Quick start: launch a simulation through the FastAPI¶
Note
This is the technical description how to lauch a simulation and retrieve the results by using the platform API. Hence, this is not a description of the scienfitic models of the simulation engines for each use case. If you are particularly interested in this, please do to the use case chapter of this document.
When launching localhost:8080/docs in your browser, you have the opportunity to inspect and test out the different endpoints of the REST API as well as their in- and outputs.
The service is listening under port 8080, which is forwarded from the fastapi-celery_celery_1-container.
The top-level API of the platform on which you operate is deployed there.
Simulation engines and their Python-wrappers within additional containers (e.g. fastapi-celery_catalyticfoam_1 for catalyticFOAM)are connected through a message broker called redis (in the fastapi-celery_redis_1-container).
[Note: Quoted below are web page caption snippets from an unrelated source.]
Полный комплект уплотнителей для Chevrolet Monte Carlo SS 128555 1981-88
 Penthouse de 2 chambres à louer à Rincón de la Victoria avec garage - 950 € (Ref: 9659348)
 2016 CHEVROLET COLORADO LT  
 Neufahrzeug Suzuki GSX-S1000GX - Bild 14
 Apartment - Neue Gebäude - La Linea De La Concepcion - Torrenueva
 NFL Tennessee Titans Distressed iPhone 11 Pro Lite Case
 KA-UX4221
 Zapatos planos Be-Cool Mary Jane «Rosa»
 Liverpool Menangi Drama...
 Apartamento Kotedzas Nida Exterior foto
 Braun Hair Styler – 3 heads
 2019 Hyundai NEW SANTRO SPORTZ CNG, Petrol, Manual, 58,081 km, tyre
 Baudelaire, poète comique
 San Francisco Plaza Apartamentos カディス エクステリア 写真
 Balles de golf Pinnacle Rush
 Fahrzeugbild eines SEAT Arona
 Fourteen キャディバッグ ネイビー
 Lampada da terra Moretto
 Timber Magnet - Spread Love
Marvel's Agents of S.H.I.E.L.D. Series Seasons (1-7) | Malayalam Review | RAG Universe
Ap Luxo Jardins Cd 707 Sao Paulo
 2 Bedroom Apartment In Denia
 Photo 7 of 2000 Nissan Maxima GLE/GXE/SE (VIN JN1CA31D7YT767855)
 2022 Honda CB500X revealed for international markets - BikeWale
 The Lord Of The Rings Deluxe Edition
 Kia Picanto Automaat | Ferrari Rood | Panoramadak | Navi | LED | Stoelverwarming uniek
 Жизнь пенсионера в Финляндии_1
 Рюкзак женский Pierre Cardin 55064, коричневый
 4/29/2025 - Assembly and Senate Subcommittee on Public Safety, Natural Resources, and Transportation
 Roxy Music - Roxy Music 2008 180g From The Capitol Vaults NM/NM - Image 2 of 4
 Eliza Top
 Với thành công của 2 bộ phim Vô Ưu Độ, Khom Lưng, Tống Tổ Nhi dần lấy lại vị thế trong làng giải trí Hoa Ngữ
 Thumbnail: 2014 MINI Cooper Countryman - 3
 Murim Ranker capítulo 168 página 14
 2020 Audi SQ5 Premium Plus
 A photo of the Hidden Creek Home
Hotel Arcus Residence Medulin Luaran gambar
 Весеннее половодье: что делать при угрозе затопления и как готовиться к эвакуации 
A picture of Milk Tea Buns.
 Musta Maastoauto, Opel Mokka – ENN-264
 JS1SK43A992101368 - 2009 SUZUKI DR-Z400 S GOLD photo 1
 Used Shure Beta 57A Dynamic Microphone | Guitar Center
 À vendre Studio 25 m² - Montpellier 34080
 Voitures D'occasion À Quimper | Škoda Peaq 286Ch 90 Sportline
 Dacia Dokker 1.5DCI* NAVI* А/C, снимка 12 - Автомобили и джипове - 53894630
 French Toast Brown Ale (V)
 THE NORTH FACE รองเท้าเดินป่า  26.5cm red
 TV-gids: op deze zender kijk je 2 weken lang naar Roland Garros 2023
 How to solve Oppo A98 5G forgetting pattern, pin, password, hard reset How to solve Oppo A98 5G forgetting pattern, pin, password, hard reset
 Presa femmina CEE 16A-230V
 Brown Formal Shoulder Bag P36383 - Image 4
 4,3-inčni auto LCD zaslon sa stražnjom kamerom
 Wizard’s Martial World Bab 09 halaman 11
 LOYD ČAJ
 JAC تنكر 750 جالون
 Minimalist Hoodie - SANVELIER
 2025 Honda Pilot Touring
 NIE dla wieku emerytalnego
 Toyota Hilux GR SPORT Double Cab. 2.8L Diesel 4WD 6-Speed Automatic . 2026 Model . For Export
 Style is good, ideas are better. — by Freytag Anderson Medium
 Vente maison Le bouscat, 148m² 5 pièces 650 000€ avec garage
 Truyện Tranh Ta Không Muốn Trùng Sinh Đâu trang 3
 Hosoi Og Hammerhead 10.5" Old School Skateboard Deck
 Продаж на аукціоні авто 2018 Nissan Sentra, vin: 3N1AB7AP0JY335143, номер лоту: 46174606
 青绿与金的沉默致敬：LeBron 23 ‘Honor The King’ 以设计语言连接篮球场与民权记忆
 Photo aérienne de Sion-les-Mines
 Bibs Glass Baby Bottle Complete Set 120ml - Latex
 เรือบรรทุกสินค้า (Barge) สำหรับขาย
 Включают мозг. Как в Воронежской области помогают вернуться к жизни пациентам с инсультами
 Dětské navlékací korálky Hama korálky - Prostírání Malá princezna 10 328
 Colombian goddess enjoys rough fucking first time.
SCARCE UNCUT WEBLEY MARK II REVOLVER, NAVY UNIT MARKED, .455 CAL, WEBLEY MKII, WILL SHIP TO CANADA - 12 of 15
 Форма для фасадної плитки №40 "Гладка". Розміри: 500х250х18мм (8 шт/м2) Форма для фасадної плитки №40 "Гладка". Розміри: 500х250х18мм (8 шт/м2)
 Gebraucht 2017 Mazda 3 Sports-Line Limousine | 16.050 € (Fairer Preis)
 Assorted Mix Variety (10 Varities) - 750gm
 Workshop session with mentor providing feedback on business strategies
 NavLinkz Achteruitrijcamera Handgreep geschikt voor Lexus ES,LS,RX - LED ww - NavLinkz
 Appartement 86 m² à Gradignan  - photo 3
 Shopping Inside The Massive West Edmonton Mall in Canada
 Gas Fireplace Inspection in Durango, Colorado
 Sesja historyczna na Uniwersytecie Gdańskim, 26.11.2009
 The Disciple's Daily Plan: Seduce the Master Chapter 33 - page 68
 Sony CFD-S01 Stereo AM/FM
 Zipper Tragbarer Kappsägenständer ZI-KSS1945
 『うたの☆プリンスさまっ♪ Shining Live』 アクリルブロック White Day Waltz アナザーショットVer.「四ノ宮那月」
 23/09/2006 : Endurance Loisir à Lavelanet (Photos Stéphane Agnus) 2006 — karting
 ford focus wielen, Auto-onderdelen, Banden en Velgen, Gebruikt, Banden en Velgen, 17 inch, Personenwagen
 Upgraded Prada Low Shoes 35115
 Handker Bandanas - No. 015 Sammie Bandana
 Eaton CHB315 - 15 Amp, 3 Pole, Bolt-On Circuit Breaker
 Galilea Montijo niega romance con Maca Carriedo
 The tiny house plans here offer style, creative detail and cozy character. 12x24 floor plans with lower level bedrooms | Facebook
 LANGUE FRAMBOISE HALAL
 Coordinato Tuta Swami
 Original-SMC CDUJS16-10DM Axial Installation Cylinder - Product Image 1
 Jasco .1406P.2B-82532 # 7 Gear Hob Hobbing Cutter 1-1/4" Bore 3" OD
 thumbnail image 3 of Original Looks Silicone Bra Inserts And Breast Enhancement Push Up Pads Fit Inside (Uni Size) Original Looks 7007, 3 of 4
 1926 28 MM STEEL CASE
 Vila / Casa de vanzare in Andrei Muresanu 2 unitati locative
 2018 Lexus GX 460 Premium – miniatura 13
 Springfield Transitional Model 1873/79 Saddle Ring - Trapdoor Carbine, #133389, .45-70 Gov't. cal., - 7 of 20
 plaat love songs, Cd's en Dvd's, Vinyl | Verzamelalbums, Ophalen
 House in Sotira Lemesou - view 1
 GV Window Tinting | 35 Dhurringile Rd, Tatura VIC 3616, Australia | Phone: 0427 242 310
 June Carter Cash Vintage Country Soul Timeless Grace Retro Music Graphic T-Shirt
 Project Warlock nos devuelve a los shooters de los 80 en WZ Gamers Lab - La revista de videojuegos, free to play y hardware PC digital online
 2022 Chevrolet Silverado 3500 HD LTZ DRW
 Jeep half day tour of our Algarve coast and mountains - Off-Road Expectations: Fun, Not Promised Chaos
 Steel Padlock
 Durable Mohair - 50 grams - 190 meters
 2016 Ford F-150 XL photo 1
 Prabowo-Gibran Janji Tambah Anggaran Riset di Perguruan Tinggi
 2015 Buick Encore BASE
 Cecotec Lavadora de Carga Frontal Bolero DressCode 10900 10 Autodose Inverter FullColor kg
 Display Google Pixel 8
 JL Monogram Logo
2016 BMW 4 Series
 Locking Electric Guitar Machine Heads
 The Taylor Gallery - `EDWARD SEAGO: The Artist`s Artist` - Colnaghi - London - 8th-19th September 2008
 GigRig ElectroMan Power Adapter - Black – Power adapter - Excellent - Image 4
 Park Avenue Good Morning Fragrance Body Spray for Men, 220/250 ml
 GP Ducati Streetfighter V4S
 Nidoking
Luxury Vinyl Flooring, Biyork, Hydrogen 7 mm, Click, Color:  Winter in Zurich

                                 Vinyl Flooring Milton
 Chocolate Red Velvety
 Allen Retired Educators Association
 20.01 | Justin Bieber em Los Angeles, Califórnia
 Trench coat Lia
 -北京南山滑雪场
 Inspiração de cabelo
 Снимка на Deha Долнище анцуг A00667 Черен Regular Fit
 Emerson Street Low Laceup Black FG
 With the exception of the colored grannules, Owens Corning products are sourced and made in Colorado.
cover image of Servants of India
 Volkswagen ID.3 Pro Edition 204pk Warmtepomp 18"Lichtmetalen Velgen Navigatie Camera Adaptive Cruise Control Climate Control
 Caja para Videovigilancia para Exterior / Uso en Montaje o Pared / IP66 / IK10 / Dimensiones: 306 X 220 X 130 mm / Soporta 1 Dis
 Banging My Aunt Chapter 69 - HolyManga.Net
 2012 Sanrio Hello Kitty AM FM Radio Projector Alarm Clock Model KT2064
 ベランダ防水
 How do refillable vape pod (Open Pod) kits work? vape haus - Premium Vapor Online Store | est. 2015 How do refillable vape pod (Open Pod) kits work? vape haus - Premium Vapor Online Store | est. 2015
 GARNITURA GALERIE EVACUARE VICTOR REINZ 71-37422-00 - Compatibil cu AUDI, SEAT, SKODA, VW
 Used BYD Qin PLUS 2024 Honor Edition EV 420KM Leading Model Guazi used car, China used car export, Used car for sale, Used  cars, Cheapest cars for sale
This means we can add as many containers with individual simulation engines to the platform as we need without re-installing the top-level REST API, as long as they are connected to the redis-container.
Inspect workers¶
First of all: check the simulation-workers available in the docker-compose network.
For this purpose we can navigate to the /worker/registered-endpoint, unfold the tab and click on the Try it out-button.
After doing this, we are able to execute the function behind this endpoint. For this action, we do not need any futher parameters.
The result of the http-body is a text in the JSON-format with a mapping between the individual workers and their tasks they can offer. The one for catalyticFOAM is here called simphony-catalyticfoam:
Note
You can also run these function without the need of the swagger-ui. The equivalent in bash would be:
curl -X 'GET' 'http://localhost:8080/workers/registered' -H 'accept: application/json'
As you can see from the screenshot, this snippet of code can be directly copied from the swagger-ui endpoint documention.
Note
You can also run these endpoints through a client-server-interaction in Python without the need to install any package besides the standard ones which are by default in any Python-distribution. If you are interested in this, please have a look in the next chapter of this document.
Note
Of course, the current implementation of the platform does the mapping between the data models (in the next subchapter) and the workers internally. Hence, the response of this endpoint is more of a side-information useful for development and configuration.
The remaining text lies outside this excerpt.